Only one stretch of the listing below is wanted: every line from the first to the line containing "Eine schöne Collage", set down exactly.
=-=-=
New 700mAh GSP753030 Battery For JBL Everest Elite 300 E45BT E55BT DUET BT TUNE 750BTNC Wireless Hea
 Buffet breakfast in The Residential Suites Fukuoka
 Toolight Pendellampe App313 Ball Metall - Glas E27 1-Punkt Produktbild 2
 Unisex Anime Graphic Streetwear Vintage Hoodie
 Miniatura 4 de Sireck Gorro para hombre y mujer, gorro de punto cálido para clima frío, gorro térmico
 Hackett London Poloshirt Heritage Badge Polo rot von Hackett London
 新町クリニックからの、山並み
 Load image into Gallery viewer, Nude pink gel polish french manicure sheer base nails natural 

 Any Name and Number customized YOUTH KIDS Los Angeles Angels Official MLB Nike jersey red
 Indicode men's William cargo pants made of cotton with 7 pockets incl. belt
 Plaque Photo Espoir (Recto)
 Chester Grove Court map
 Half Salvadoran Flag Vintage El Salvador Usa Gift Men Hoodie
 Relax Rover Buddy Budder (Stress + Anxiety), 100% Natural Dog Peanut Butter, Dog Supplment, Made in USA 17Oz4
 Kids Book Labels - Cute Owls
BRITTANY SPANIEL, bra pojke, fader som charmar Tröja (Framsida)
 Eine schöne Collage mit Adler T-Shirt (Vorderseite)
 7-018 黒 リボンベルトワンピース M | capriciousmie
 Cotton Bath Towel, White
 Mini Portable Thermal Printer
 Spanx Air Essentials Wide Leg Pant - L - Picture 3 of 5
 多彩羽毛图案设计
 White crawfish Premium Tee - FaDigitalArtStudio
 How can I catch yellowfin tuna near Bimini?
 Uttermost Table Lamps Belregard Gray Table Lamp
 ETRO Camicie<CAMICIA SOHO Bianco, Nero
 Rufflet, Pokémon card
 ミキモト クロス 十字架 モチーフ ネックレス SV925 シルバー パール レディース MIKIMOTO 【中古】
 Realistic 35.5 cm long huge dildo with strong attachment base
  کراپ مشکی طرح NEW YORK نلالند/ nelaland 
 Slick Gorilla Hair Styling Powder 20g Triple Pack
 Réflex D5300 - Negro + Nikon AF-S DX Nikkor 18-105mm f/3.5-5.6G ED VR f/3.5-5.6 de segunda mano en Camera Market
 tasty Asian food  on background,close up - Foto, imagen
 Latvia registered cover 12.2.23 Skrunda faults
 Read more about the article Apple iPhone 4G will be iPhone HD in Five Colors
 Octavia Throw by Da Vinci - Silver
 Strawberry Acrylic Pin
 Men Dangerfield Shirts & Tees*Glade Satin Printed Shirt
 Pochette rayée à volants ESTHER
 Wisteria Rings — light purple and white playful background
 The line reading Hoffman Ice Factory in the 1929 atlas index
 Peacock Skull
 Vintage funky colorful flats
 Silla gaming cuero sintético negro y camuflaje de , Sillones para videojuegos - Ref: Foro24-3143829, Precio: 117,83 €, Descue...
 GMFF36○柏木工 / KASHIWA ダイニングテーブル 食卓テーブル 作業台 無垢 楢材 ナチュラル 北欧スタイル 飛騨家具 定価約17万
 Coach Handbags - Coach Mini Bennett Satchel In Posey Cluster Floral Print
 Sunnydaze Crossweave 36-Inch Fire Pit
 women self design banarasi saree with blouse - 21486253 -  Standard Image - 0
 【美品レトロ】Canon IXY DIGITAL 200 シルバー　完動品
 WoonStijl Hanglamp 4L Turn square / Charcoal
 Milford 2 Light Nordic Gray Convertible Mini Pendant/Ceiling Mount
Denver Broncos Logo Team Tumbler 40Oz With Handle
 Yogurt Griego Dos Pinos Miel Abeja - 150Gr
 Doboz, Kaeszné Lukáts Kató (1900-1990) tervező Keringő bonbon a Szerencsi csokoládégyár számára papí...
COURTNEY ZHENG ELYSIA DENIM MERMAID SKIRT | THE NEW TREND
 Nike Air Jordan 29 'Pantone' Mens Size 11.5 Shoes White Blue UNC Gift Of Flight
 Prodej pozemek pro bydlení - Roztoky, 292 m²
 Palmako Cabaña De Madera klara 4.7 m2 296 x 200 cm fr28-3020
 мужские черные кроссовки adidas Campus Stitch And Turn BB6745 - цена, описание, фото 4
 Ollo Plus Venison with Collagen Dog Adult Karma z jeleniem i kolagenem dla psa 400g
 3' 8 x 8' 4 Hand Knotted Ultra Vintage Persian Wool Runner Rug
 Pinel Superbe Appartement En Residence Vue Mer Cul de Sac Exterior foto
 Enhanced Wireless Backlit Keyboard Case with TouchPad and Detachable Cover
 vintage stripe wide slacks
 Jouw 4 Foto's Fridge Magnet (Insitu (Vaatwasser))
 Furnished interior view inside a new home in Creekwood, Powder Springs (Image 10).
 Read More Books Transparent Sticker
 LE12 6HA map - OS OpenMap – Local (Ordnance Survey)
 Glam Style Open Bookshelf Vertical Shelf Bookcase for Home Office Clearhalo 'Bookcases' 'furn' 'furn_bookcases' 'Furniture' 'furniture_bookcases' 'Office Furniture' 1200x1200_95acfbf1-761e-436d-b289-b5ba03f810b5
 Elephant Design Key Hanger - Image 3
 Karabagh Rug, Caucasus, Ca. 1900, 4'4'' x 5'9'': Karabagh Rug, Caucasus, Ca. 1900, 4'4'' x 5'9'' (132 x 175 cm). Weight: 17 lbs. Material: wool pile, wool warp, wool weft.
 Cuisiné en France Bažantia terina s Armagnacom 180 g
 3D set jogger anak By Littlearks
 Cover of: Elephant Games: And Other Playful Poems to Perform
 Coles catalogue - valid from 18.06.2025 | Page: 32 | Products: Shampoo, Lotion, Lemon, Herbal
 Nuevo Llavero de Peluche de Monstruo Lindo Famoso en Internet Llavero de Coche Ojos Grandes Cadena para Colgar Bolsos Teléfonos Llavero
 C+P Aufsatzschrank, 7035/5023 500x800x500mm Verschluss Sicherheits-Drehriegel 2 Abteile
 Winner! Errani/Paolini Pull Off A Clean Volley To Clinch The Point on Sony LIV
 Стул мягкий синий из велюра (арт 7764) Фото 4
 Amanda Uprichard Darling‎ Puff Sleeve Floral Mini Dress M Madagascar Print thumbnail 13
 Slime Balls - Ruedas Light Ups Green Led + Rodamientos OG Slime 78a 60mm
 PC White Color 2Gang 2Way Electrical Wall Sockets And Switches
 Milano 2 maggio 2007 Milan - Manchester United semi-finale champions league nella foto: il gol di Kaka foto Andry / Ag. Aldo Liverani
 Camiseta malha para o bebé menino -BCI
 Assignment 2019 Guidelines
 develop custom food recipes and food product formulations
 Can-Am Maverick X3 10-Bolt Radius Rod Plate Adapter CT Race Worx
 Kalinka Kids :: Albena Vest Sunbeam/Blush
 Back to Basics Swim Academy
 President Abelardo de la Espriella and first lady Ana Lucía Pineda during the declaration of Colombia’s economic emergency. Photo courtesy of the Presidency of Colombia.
=-=-=
TASK RESULT:
New 700mAh GSP753030 Battery For JBL Everest Elite 300 E45BT E55BT DUET BT TUNE 750BTNC Wireless Hea
 Buffet breakfast in The Residential Suites Fukuoka
 Toolight Pendellampe App313 Ball Metall - Glas E27 1-Punkt Produktbild 2
 Unisex Anime Graphic Streetwear Vintage Hoodie
 Miniatura 4 de Sireck Gorro para hombre y mujer, gorro de punto cálido para clima frío, gorro térmico
 Hackett London Poloshirt Heritage Badge Polo rot von Hackett London
 新町クリニックからの、山並み
 Load image into Gallery viewer, Nude pink gel polish french manicure sheer base nails natural 

 Any Name and Number customized YOUTH KIDS Los Angeles Angels Official MLB Nike jersey red
 Indicode men's William cargo pants made of cotton with 7 pockets incl. belt
 Plaque Photo Espoir (Recto)
 Chester Grove Court map
 Half Salvadoran Flag Vintage El Salvador Usa Gift Men Hoodie
 Relax Rover Buddy Budder (Stress + Anxiety), 100% Natural Dog Peanut Butter, Dog Supplment, Made in USA 17Oz4
 Kids Book Labels - Cute Owls
BRITTANY SPANIEL, bra pojke, fader som charmar Tröja (Framsida)
 Eine schöne Collage mit Adler T-Shirt (Vorderseite)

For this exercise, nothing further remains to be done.